In 2024, “noncitizen voting” has become the most common form of fearmongering. Fox News and other like-minded outlets have gone all in on the idea that noncitizens will tip the election away from Trump. Of course, this idea is totally unfounded: Noncitizen voting is exceedingly rare. But though these conspiracy theories have serious consequences, the right is knitting together increasingly bloodthirsty xenophobia with Trump’s election denial to fuel distrust, perpetuate racial profiling and sow chaos ahead of this election.
According to Democracy Docket, election deniers have already filed 146 anti-voting lawsuits nationwide so far.
Right-wing media messaging has also focused on disenfranchising overseas voters. The conspiracy theory site The Gateway Pundit has spread the false notion that Democrats are weaponizing a law that allows military personnel and other Americans citizens living abroad to vote.
Some of these bad actors have faced consequences for spreading election misinformation, yet they are undeterred. Even though Fox News was forced to pay a historic $787 million settlement in its defamation lawsuit with Dominion Voting Systems, it has continued to push election falsehoods. And The Gateway Pundit has not been chastened either, despite recently settling a lawsuit with two Georgia election workers it targeted with conspiracy theories in the 2020 election’s aftermath. The site is now running the same kind of election misinformation to sow doubts in 2024.
Election deniers then transform this media conspiracism into grassroots activism — the second prong of their strategy. One particularly concerning example is Julie Adams, a member of the Fulton County Board of Elections and an EIN activist. As ProPublica has reported, Adams has been “working to change the rules for certifying elections in Georgia.”

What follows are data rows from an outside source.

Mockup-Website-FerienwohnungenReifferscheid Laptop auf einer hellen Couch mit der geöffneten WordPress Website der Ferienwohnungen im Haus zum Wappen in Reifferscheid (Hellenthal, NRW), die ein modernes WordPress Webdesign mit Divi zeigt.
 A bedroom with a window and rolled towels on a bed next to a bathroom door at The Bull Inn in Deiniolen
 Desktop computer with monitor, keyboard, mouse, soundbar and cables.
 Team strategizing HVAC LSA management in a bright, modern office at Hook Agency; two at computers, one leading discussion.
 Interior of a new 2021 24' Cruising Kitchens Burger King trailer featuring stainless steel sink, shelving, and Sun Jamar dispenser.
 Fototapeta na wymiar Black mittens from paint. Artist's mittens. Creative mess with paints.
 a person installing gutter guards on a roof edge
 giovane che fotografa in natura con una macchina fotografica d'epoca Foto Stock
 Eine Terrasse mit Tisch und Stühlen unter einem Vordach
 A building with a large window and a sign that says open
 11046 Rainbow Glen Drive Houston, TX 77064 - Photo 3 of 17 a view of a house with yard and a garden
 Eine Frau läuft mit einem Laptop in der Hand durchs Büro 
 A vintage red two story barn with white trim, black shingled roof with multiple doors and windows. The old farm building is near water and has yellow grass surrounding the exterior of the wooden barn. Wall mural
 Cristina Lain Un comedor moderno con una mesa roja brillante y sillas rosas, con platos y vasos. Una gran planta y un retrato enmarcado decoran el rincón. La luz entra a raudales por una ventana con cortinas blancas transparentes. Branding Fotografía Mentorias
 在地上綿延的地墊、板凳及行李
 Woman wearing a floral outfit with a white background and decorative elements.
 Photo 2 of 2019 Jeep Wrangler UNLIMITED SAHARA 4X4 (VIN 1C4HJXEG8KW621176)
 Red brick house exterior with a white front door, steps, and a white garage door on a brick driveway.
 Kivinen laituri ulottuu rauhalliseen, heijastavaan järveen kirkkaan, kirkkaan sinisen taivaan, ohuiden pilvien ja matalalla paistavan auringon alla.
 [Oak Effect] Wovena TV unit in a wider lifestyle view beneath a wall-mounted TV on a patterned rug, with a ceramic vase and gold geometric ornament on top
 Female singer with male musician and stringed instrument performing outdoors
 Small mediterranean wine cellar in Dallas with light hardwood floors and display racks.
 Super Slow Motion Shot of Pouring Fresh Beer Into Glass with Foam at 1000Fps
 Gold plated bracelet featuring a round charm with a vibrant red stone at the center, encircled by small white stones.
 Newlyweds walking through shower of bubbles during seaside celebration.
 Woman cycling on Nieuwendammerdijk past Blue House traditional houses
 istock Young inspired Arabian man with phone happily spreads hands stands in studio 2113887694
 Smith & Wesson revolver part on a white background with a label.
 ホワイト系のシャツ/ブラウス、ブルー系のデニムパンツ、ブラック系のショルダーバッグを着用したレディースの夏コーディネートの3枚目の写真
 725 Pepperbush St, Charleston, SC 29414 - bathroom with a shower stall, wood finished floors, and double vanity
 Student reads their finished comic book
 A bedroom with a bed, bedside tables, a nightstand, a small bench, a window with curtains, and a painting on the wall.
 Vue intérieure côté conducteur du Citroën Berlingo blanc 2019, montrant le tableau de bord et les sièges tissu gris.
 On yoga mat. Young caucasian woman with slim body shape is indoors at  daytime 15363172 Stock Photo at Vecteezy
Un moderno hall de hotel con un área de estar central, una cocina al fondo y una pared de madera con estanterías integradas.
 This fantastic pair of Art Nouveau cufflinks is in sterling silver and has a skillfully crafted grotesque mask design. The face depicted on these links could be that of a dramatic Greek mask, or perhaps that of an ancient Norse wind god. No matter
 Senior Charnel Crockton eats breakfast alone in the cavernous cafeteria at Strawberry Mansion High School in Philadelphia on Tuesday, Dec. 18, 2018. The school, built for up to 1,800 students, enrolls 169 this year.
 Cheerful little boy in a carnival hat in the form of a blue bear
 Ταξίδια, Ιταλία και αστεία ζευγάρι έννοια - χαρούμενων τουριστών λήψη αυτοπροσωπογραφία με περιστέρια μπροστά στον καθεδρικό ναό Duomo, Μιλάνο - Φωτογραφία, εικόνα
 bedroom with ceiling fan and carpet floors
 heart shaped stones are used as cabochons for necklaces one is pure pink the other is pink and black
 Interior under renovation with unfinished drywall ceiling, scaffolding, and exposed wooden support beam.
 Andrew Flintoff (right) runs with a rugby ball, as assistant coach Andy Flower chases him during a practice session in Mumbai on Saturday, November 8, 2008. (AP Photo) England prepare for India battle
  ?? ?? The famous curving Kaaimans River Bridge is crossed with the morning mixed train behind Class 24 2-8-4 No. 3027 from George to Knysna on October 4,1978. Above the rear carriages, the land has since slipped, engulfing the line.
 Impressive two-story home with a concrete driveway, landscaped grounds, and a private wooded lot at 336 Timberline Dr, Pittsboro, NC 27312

Former Trump campaign official Steve Bannon, newly released from prison, has also been on the front lines, using his popular podcast to push election lies and then organizing his followers to take action through the “precinct strategy.” Bannon has urged his audience to get involved and fill precinct committee roles with their local Republican Parties. “In some states,” Propublica reported in 2021, “they have a say in choosing poll workers, and in others they help pick members of boards that oversee elections.”
The Washington Post’s Isaac Arnsdorf has documented the impact of the precinct strategy, finding that this approach has “driven thousands of new Republican activists” to get involved since the 2020 election. “If you’re not prepared to be sent to a federal prison as a political prisoner,” Bannon told his audience this week, “then you’re not worthy to be in this movement.”
Finally, the lawyers swoop in. According to Democracy Docket, election deniers have already filed 146 anti-voting lawsuits nationwide so far. As my colleague Abbie Richards explains, these lawsuits’ primary purpose is to confuse voters and sow chaos for election officials just trying to do their job. Often, the pipeline from right-wing media to the courts is remarkably direct, as in the case of multiple suits in swing states over the Uniformed and Overseas Absentee Voting Act (UOCAVA) that allows Americans abroad to vote.
No one knows which way this election will go. But one thing is for sure — anti-democracy activists are digging in, not only in 2024, but for the foreseeable future. We must be “fearlessly pro-democracy,” in the words of voting rights lawyer Marc Elias, and “it will be the citizens themselves who will lead the way.” That starts by arming ourselves with facts and standing strong against the alliance of increasingly fascistic right-wing media and professional election deniers, all bent on overturning the outcome.